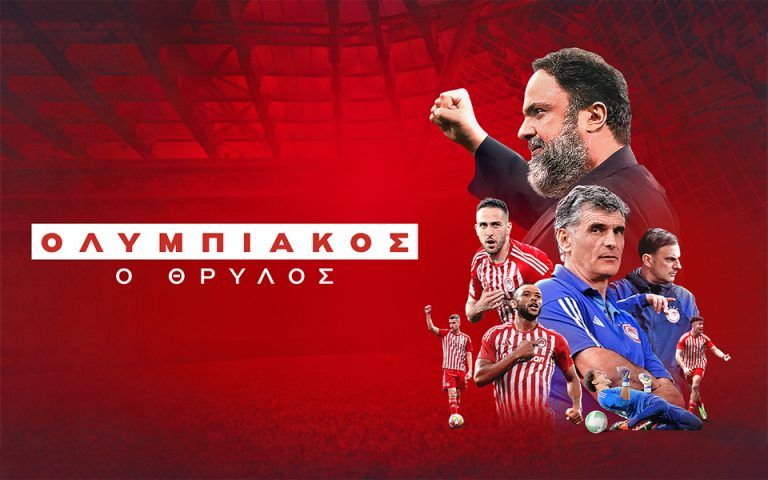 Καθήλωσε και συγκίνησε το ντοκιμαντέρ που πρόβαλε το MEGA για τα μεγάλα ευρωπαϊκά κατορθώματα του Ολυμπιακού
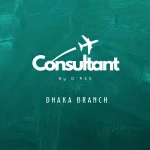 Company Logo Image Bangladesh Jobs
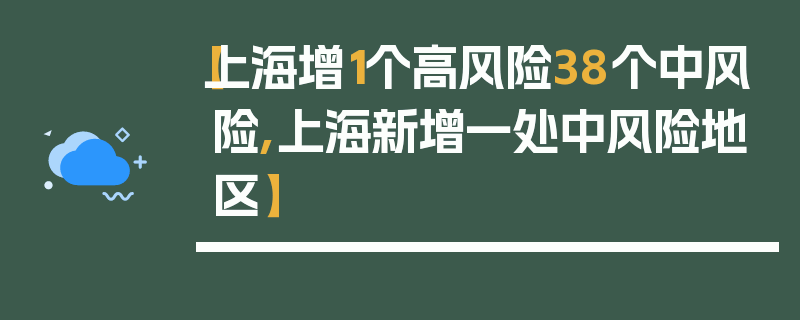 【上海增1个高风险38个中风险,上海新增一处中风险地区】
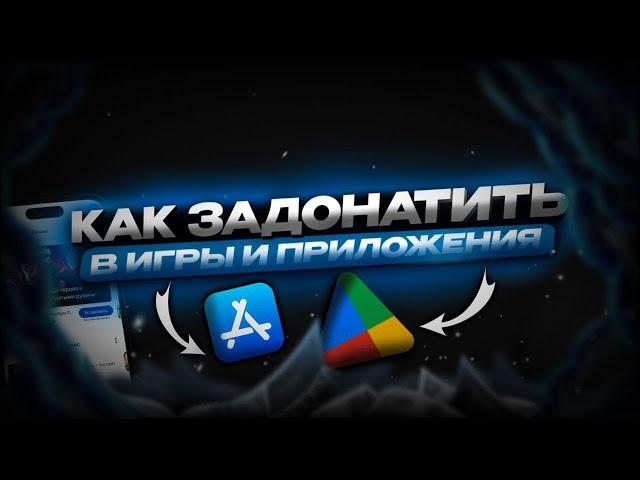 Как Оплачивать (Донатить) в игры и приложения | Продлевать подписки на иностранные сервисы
━━━━━━
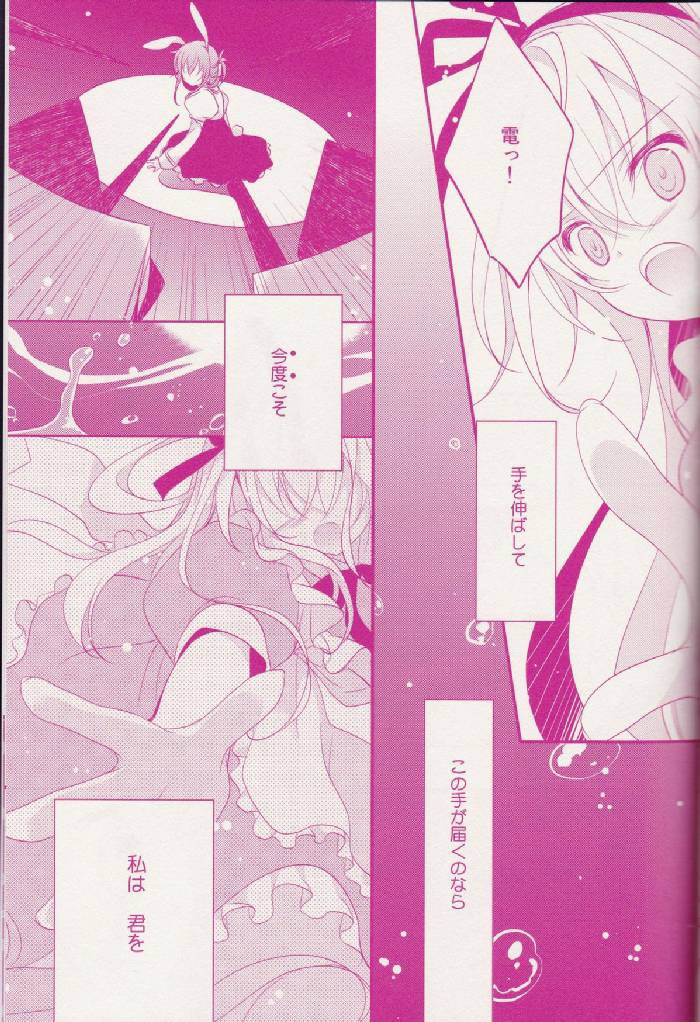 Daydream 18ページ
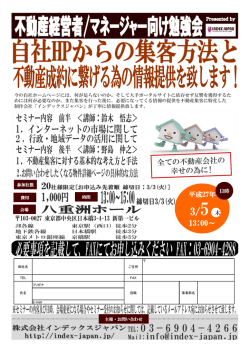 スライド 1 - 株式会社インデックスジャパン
━━━━━━
▶ **EXERCISE DIRECTIONS**: Retype the lines above exactly as they appear, from the line containing "Company Logo Image Bangladesh Jobs" through the line containing "Как Оплачивать (Донатить)", and leave out any pictures.

▶ **THE ANSWER**:
 Company Logo Image Bangladesh Jobs
 【上海增1个高风险38个中风险,上海新增一处中风险地区】
 Как Оплачивать (Донатить) в игры и приложения | Продлевать подписки на иностранные сервисы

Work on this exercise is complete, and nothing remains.